TASK DATA —
Start of Block

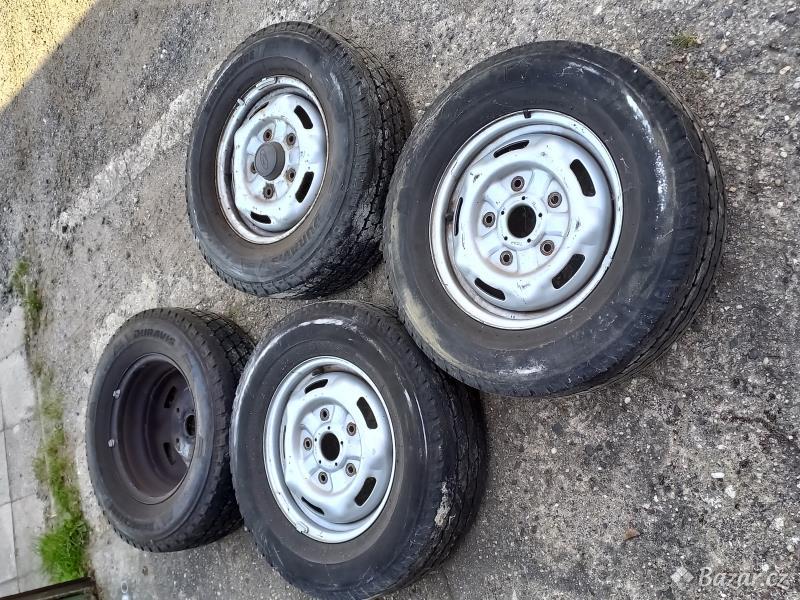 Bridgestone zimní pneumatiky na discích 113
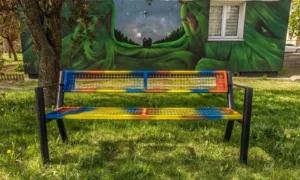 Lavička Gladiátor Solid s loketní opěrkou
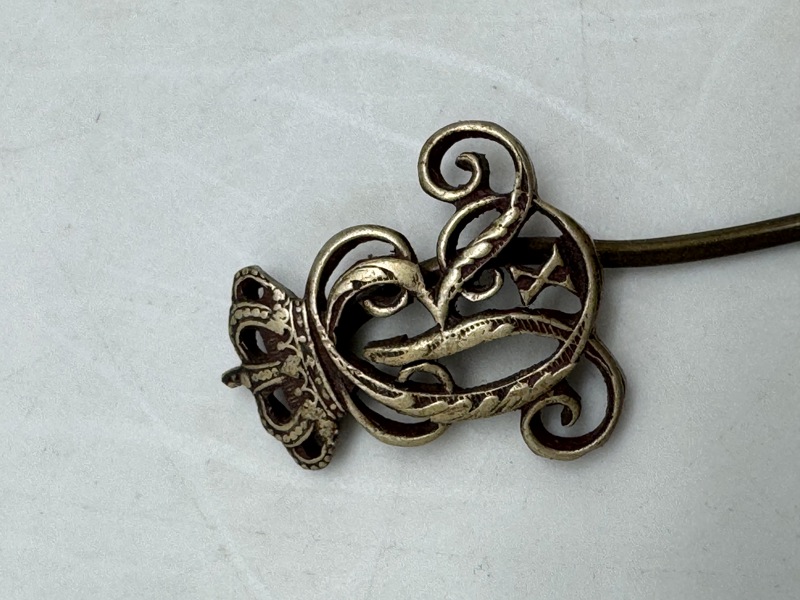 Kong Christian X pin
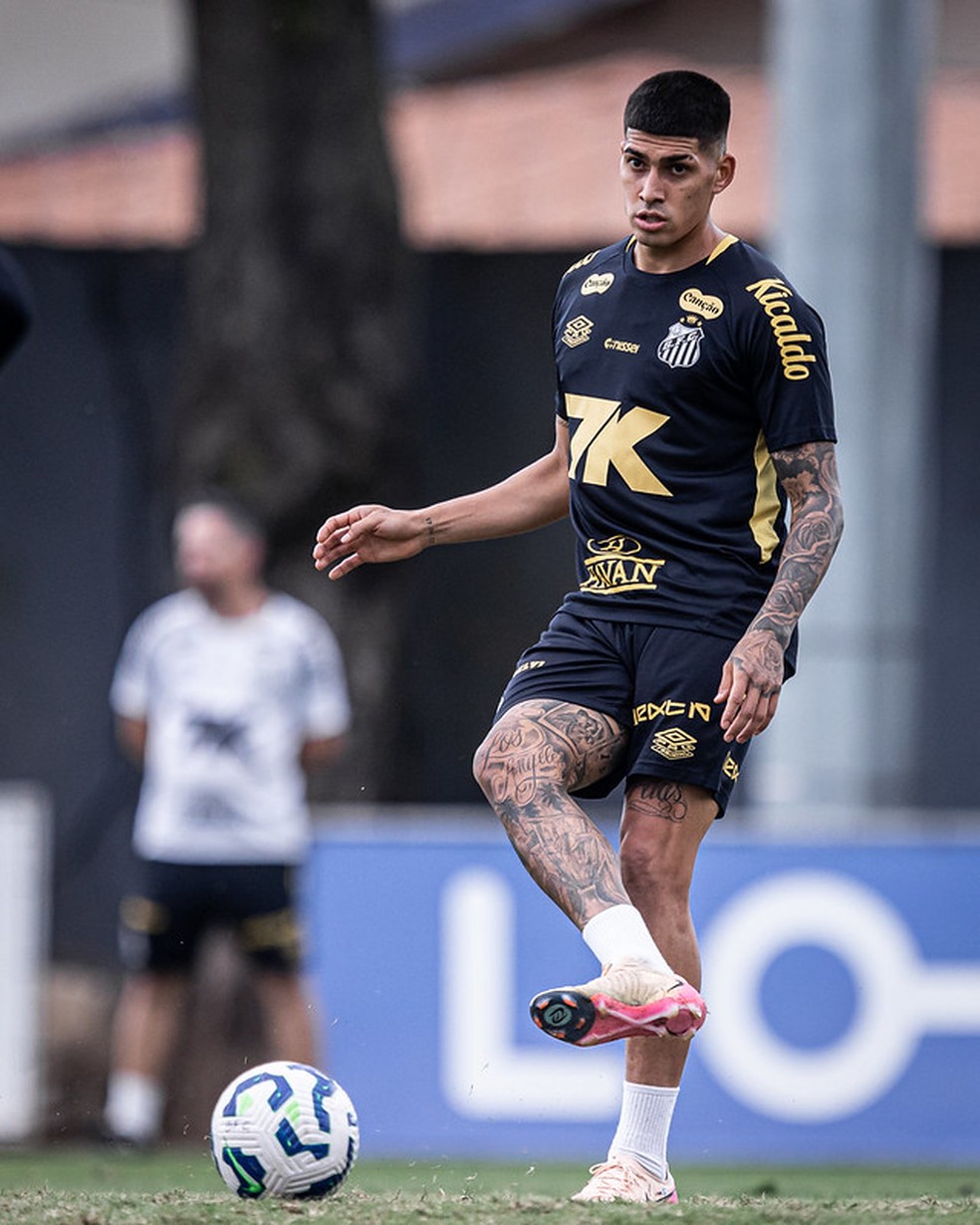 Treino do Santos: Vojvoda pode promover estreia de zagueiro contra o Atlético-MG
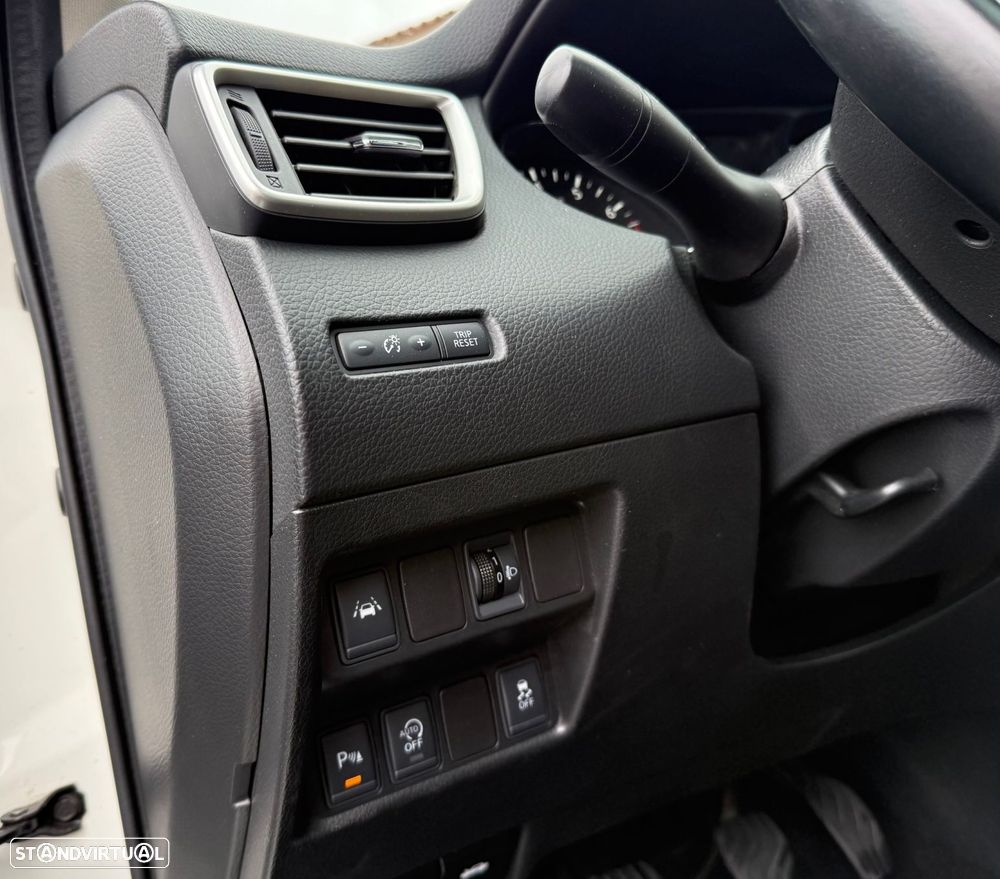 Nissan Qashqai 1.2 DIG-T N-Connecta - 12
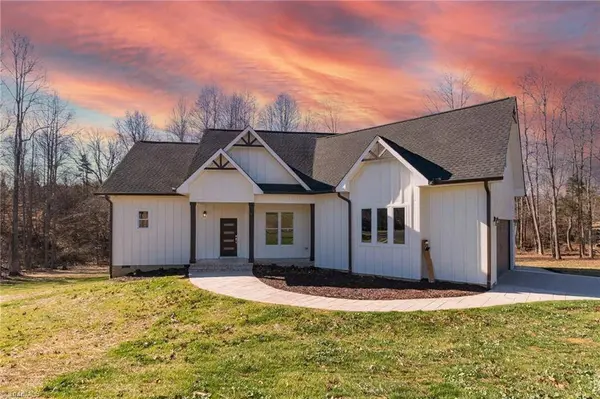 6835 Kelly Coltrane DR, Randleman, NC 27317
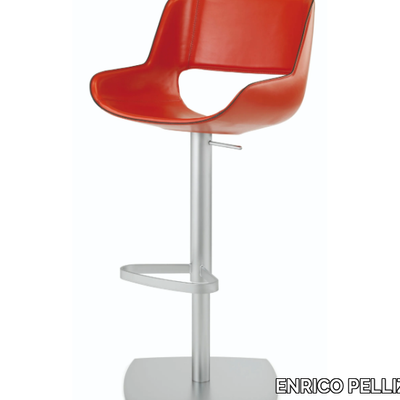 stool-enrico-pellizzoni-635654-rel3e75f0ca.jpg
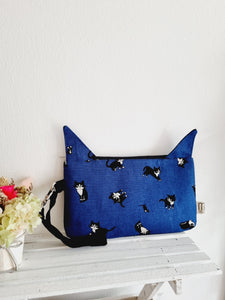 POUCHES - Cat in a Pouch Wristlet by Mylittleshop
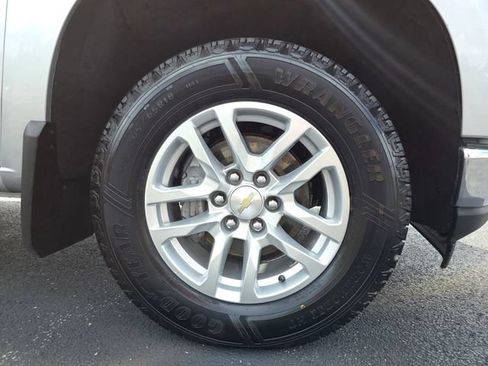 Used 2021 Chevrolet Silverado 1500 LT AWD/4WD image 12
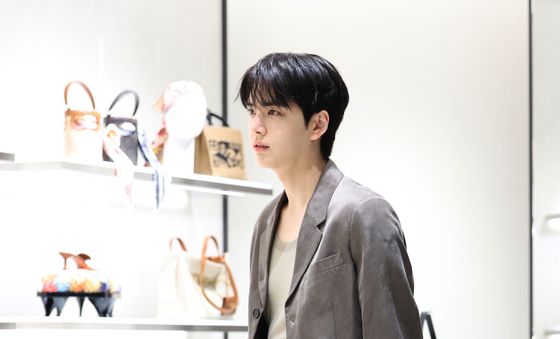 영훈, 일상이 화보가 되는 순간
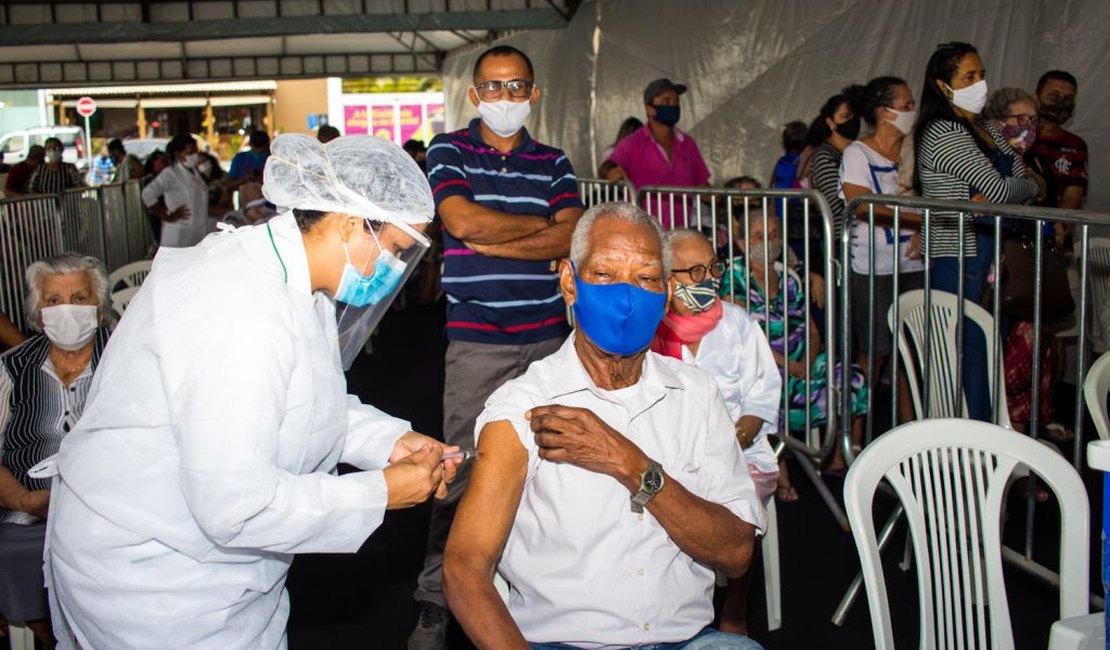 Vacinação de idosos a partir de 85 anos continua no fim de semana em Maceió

End of Block

Every line from the one with "POUCHES - Cat" through the end of the records above belongs in the answer, copied exactly; no picture does.

 POUCHES - Cat in a Pouch Wristlet by Mylittleshop
 Used 2021 Chevrolet Silverado 1500 LT AWD/4WD image 12
 영훈, 일상이 화보가 되는 순간
 Vacinação de idosos a partir de 85 anos continua no fim de semana em Maceió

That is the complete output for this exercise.